(Task item) What you should give back is a precise copy of the lines below from the one containing "Electric Heating Shoulder" through the one containing "Cable USB C Tressé Coloré 120W", with no pictures.

━━━ Data shown

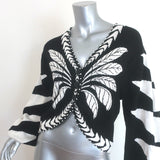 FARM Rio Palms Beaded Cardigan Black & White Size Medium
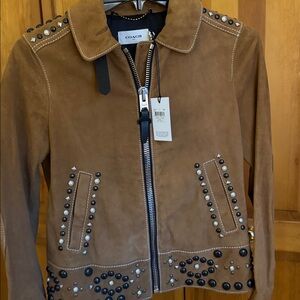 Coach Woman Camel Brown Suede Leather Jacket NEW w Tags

━━━━━━
━━━ Data shown

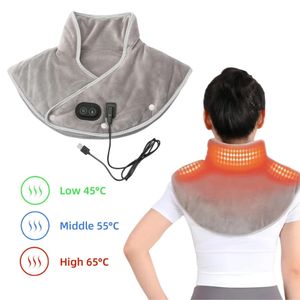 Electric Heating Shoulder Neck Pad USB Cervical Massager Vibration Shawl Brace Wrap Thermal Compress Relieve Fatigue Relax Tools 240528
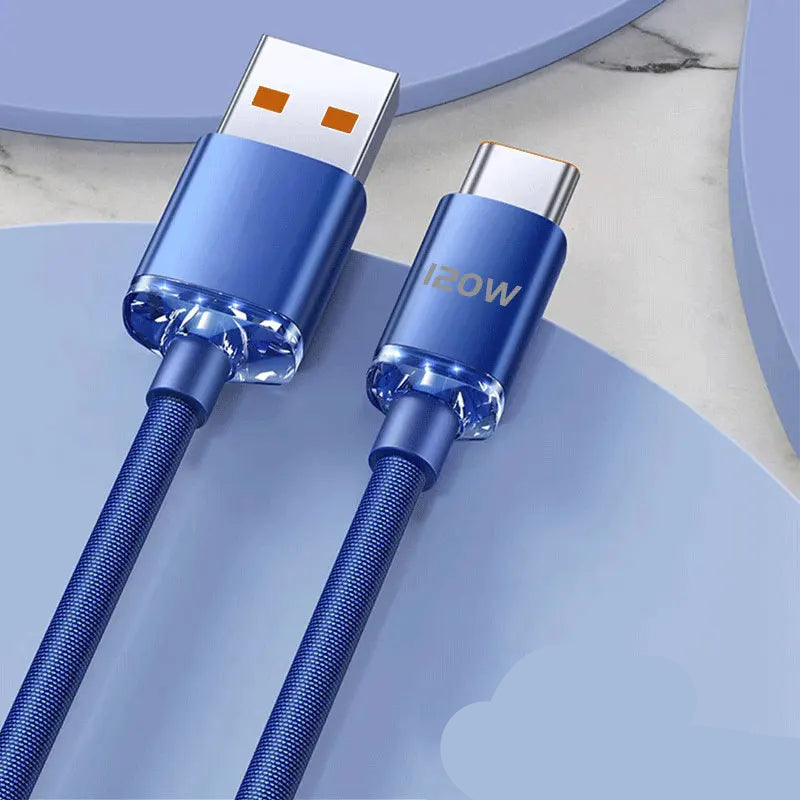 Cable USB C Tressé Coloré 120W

━━━━━━
━━━ Data shown

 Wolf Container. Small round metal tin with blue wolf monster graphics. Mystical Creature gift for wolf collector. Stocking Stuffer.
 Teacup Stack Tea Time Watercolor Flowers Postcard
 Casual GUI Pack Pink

━━━━━━

(Solution)
 Electric Heating Shoulder Neck Pad USB Cervical Massager Vibration Shawl Brace Wrap Thermal Compress Relieve Fatigue Relax Tools 240528
 Cable USB C Tressé Coloré 120W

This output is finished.